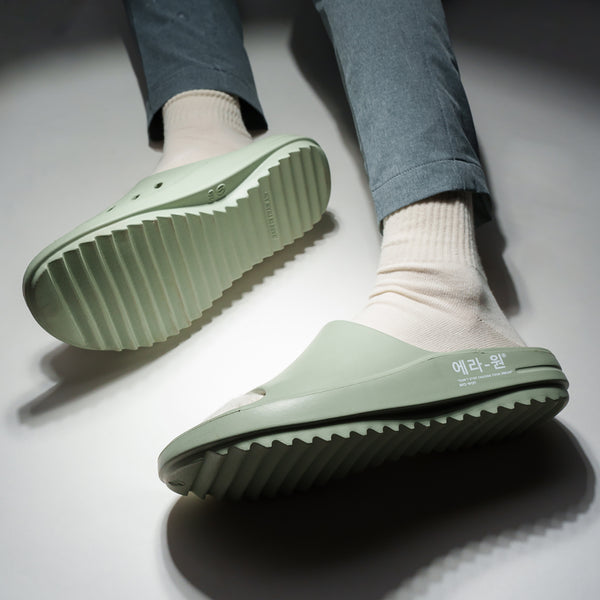 era-won Slides (Sandals) รองเท้าแตะ สี Dragon - เขียวอ่อน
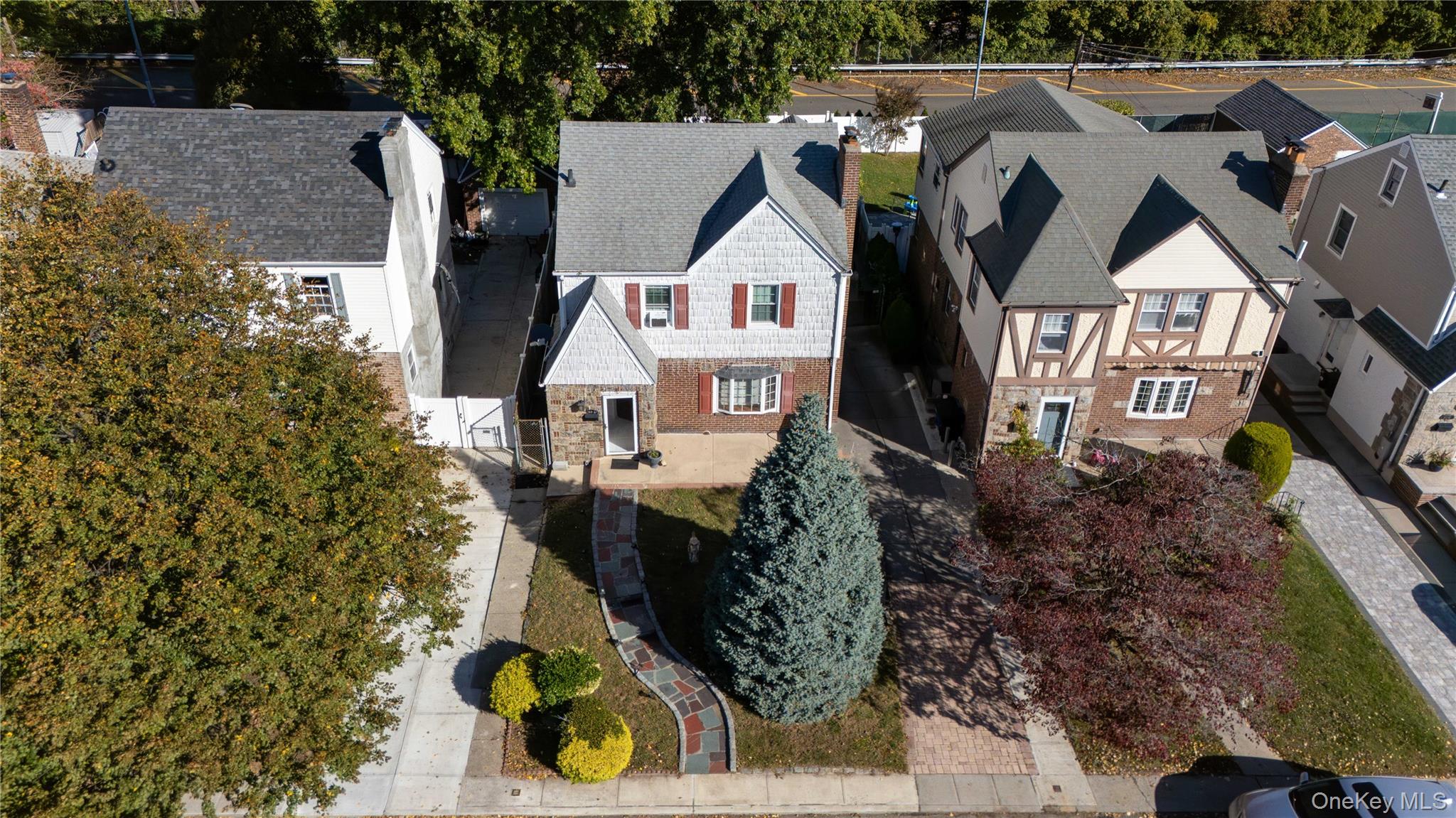 163-37 15 Drive Property Photo 1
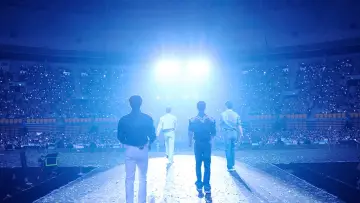 Задник к фильму "하이라이트: 라이츠 고 온, 어게인 인 시네마" #1608826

WORK ORDER
Print, exactly as written, the lines from the one containing "163-37 15 Drive Property Photo 1" to the end of the material, both ends included, and nothing else; no pictures.

ANSWER SPACE
 163-37 15 Drive Property Photo 1
 Задник к фильму "하이라이트: 라이츠 고 온, 어게인 인 시네마" #1608826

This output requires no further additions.